Data listing
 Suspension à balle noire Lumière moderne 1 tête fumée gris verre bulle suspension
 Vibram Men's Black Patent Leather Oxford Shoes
...
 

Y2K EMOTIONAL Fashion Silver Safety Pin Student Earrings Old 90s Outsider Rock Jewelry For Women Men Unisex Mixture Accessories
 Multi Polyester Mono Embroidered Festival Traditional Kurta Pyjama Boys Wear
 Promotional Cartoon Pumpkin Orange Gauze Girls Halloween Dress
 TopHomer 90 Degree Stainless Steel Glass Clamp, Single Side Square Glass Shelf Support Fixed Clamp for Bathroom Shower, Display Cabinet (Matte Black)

About this exercise
Restate word for word the lines of the data above, starting at the line containing "Promotional Cartoon Pumpkin" and ending at the line containing "TopHomer 90 Degree", both included, and nothing more.

Reply
 Promotional Cartoon Pumpkin Orange Gauze Girls Halloween Dress
 TopHomer 90 Degree Stainless Steel Glass Clamp, Single Side Square Glass Shelf Support Fixed Clamp for Bathroom Shower, Display Cabinet (Matte Black)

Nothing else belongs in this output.